In PyTorch, that code looks clean and simple:
import torch
def softmax_naive(logits):
exp_logits = torch.exp(logits)
return exp_logits / exp_logits.sum(dim=1, keepdim=True)
Looks perfectly fine, right? It’s a direct translation of the math. And for nice, small numbers, it works. But we're not always dealing with nice, small numbers. This is where the trouble begins.
This implementation is what we call "numerically unstable." It’s like building a bridge out of toothpicks. It might hold a feather, but as soon as you put any real weight on it, the whole thing collapses.
Let’s Break It on Purpose
To see what I mean, let's create a tiny batch of data. We'll have three samples. Two of them will have perfectly normal, reasonable logit values. But the second one? We're going to give it some extreme numbers to see how our naive function handles the pressure.
# A batch of 3 samples, each with 3 possible classes
logits = torch.tensor([
[2.0, 1.0, 0.1], # A normal, well-behaved sample
[1000.0, 1.0, -1000.0], # The troublemaker
[3.0, 2.0, 1.0] # Another normal one
], requires_grad=True)
targets = torch.tensor([0, 2, 1]) # The correct answers for our samples
Now, let's push these logits through our softmax_naive function and see what comes out the other side.
# Let's see the probabilities
probs = softmax_naive(logits)
print(probs)
Here's what you'll get:
tensor([[0.6590, 0.2424, 0.0986],
[ nan, 0.0000, nan], # Uh oh...
[0.6652, 0.2447, 0.0900]], grad_fn=<DivBackward0>)
Look at that second row. It’s a complete disaster. We got nan and 0.0000. That’s not a probability distribution; it's garbage. The first and third samples look fine, but that one bad apple has spoiled the batch.
So, What Just Happened? The Math vs. The Machine
The problem isn't with the math. The problem is with the limitations of computers.
Think of it like this: your computer can only store numbers up to a certain size. When you calculate torch.exp(1000), you're asking it to compute e¹⁰⁰⁰. That number is astronomically huge—way bigger than what can be stored in a standard floating-point number.
- Overflow: When the number is too big, the computer just gives up and calls it "infinity" (
inf). That's what happened withexp(1000). - Underflow: When the number is too small (like
exp(-1000)), it's so close to zero that the computer just rounds it down to0.0.
So for our troublemaker sample, the calculation became [inf, 2.718, 0.0]. When you try to normalize this by dividing by the sum (inf + 2.718 + 0.0 is still inf), you end up with inf / inf, which is undefined. And that’s where NaN comes from.
The Problem Gets Worse: The Loss and The Gradients
Okay, so we have some NaNs. Big deal? It’s a huge deal. Because the next step in training is to calculate the loss. For classification, we typically use cross-entropy loss, which involves taking the logarithm of the predicted probability for the correct class.

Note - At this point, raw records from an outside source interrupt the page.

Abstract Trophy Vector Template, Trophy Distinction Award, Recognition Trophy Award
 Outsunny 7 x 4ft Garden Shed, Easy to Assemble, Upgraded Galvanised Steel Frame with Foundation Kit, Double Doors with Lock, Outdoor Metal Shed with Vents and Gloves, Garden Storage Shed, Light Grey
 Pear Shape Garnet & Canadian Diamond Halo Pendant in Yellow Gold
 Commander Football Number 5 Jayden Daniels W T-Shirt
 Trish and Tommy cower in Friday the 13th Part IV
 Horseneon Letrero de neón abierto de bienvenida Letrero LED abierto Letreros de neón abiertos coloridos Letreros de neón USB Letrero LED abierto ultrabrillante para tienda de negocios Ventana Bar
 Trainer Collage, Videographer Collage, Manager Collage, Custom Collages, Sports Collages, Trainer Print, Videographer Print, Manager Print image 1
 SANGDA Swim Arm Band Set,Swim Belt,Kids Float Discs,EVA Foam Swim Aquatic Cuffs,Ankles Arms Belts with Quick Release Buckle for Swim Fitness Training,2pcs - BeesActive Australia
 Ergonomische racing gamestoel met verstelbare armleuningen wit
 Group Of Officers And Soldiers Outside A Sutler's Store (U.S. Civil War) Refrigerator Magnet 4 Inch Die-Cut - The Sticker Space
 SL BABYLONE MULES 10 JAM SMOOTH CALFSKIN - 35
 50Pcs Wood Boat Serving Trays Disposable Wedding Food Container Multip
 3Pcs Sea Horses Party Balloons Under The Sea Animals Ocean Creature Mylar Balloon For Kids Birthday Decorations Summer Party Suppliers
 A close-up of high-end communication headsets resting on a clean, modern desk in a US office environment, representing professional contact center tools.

Let's see what happens when we try to calculate the loss for our broken sample. The correct class was index 2, and our model predicted a probability of 0.0 for it (due to underflow).
The loss calculation is -log(probability). What's log(0)? It’s negative infinity. When you average that with the other finite losses, the total loss for the batch becomes inf.
And once your loss is inf, it’s game over for backpropagation. When you try to calculate the gradients, you get a sea of NaNs.
# This is what happens when you call loss.backward()
print(logits.grad)
# Output:
tensor([[ 0.1137, -0.0808, -0.0329],
[ nan, nan, nan], # Total corruption
[ 0.1117, -0.2518, 0.1400]])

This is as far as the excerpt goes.